■ **TASK REQUIREMENTS**
Beginning with the line below that contains "OP/TECH USA RainSleeve" and ending with the line that contains "Most commonly used", copy every line exactly. Copy nothing else.

■ **SOURCE RECORDS**

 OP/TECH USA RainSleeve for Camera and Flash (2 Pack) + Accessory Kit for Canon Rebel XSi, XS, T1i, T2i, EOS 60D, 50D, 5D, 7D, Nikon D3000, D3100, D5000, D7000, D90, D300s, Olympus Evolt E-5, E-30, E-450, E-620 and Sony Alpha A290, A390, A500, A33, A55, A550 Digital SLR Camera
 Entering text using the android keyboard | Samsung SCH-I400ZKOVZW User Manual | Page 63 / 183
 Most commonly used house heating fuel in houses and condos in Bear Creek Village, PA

--

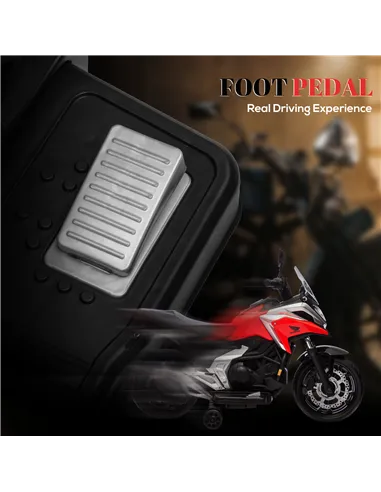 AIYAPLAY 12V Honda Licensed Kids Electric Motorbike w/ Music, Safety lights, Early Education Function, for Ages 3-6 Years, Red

* * *

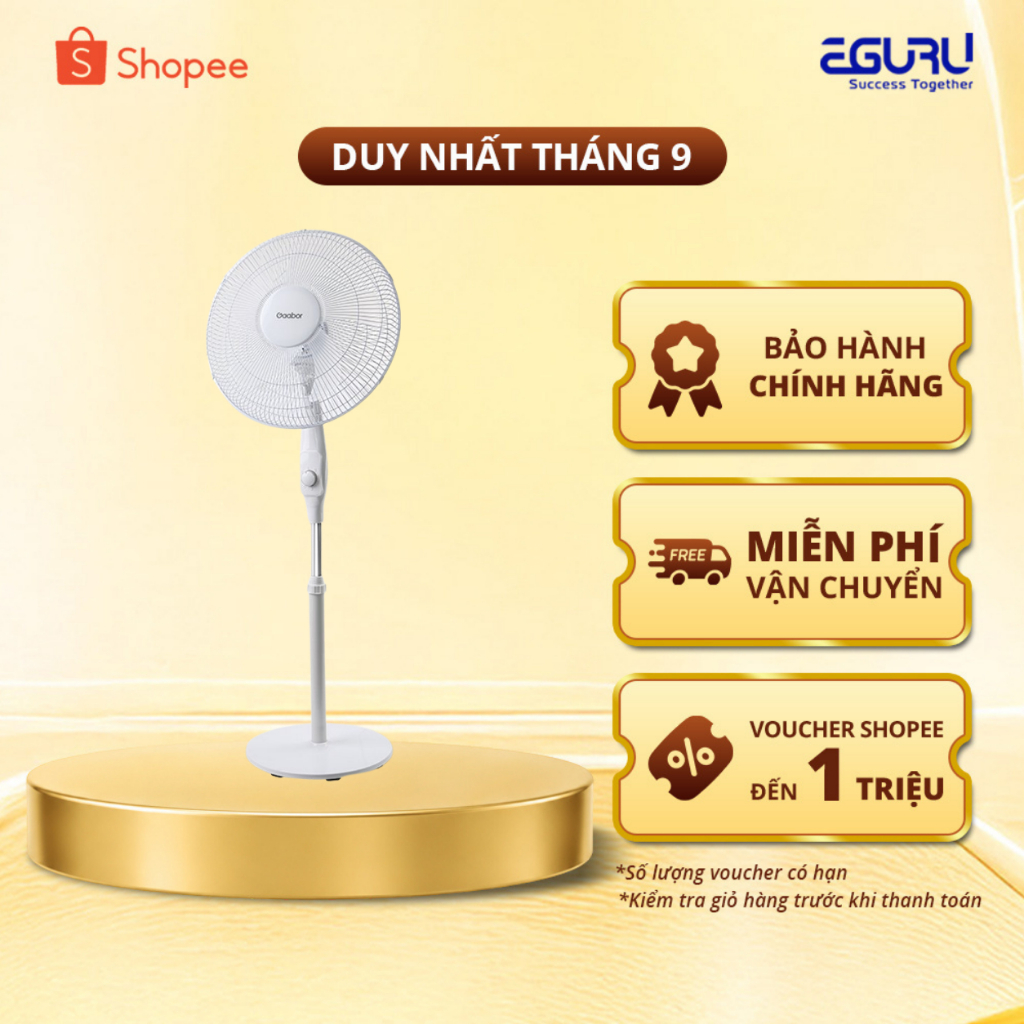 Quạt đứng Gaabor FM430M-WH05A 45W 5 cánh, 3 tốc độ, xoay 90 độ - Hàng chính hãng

■ **SOLUTION**
 OP/TECH USA RainSleeve for Camera and Flash (2 Pack) + Accessory Kit for Canon Rebel XSi, XS, T1i, T2i, EOS 60D, 50D, 5D, 7D, Nikon D3000, D3100, D5000, D7000, D90, D300s, Olympus Evolt E-5, E-30, E-450, E-620 and Sony Alpha A290, A390, A500, A33, A55, A550 Digital SLR Camera
 Entering text using the android keyboard | Samsung SCH-I400ZKOVZW User Manual | Page 63 / 183
 Most commonly used house heating fuel in houses and condos in Bear Creek Village, PA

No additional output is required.